Tyler took off his baseball cap and scratched his head. His hair had been flattened by the cap except where the reddish curls stuck out around his ears. He reminded me of a clown.

“The area above and below Leesburg was important strategically because of the ferry crossings. Both armies were keeping an eye on it and placed troops in the region. But one of the Confederate commanders, Colonel Evans, got worried that his soldiers might be picked off by the Union troops. So without telling anyone, he decided to pull out of town and regroup somewhere else.” We stopped walking as he bent down and picked up a stick.
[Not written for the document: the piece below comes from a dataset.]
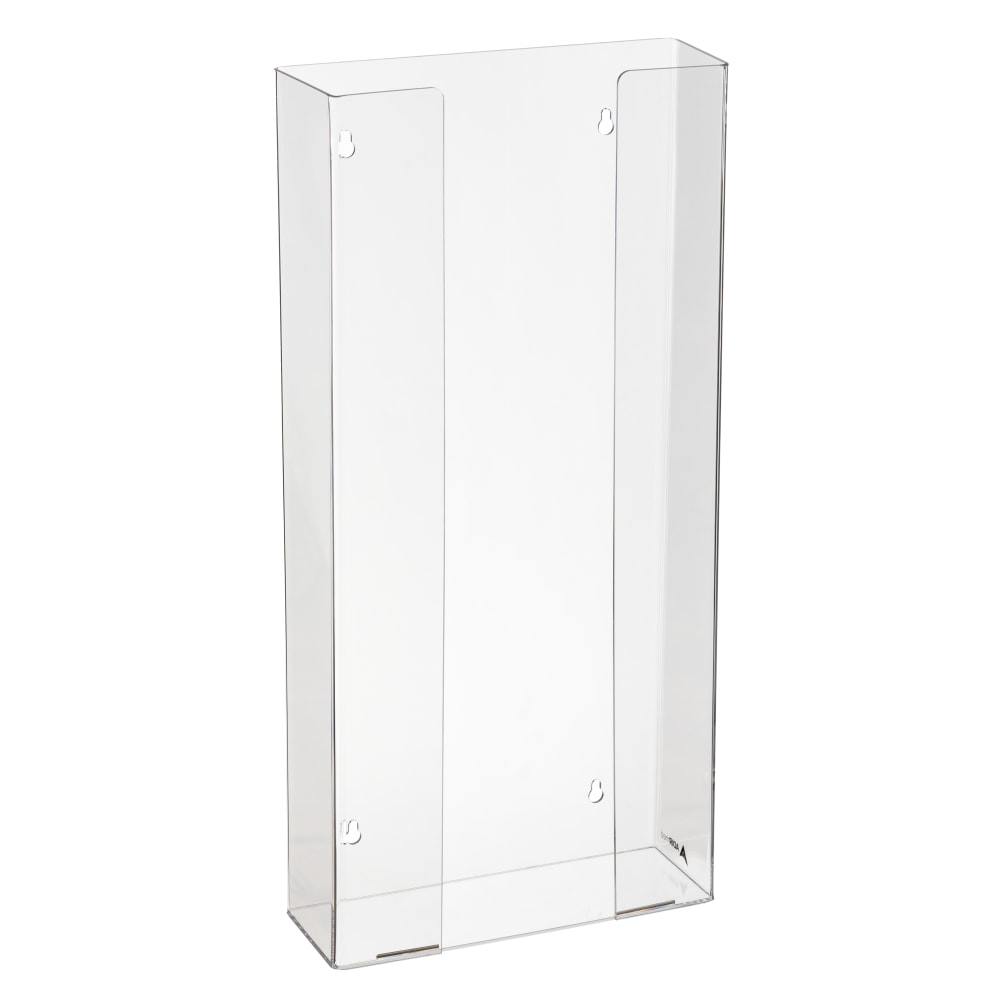 Alpine AdirMed Quad Box Capacity Acrylic Glove Dispensers, 21-1/8inH x 10-1/4inW x 3-1/2inD, Clear MPN:ADI902-04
“Here’s Leesburg and here’s the river with the two ferry crossings.” He knelt and drew a map in the dirt with the point of his stick. “Evans pulls out of Leesburg and the Union troops over here watch him leave, figuring the town had been abandoned. What the Union didn’t know was that Evans’s commanders ordered him to return. Leesburg was too important to lose.” He tapped the ground, indicating the Union soldiers. “These guys never saw Evans come back.”

“Then what?” Chance asked, pulling Bruja’s leash as she lunged for Tyler’s stick. “No, girl. Leave it.”

The dog obeyed and Tyler scratched behind her ears.

“After Evans left, a group of Union scouts crossed the Potomac from Harrison Island and climbed Ball’s Bluff, figuring Leesburg had been evacuated. It was dark when they got here so they had to look around by moonlight. Unfortunately they saw a grove of trees”—Tyler paused to draw two stick trees—“and thought it was an abandoned Confederate camp, which is what they reported to their commander. The next day they came back with reinforcements to clear it out.” He shrugged. “Evans’s troops were waiting for them.”

“It must have been a slaughter,” Chance said.

“Not exactly. There were several skirmishes. Took all day. But in the end, the Confederates backed the Union soldiers up against the cliff. Over two hundred Federals died trying to escape or else drowned in the river.”

He stood up and flung the stick into the woods as we continued down the path. Through a break in the trees I could see a chest-high stone wall and behind it an American flag hanging on a flagpole. The cemetery.

“You said only fifty were buried in that cemetery,” I said.

“Fifty-four,” he said. “Most of the others were lost and presumed drowned.” 

“I’d like to see that river crossing,” Chance said. “How do we get to it?” 

“There’s another path.” Tyler’s gaze strayed to my cane. “It’s pretty steep and it can be sort of treacherous.” 

“How did the Union soldiers get up here?” I asked. 

“Same path,” he said. “We could skip it and just check out the cemetery, if you want. Unfortunately there’s no place to really see the river from up here because it’s so overgrown with trees and bushes.” 

“I’d like to see the river, too,” I said. “Let’s take the path.”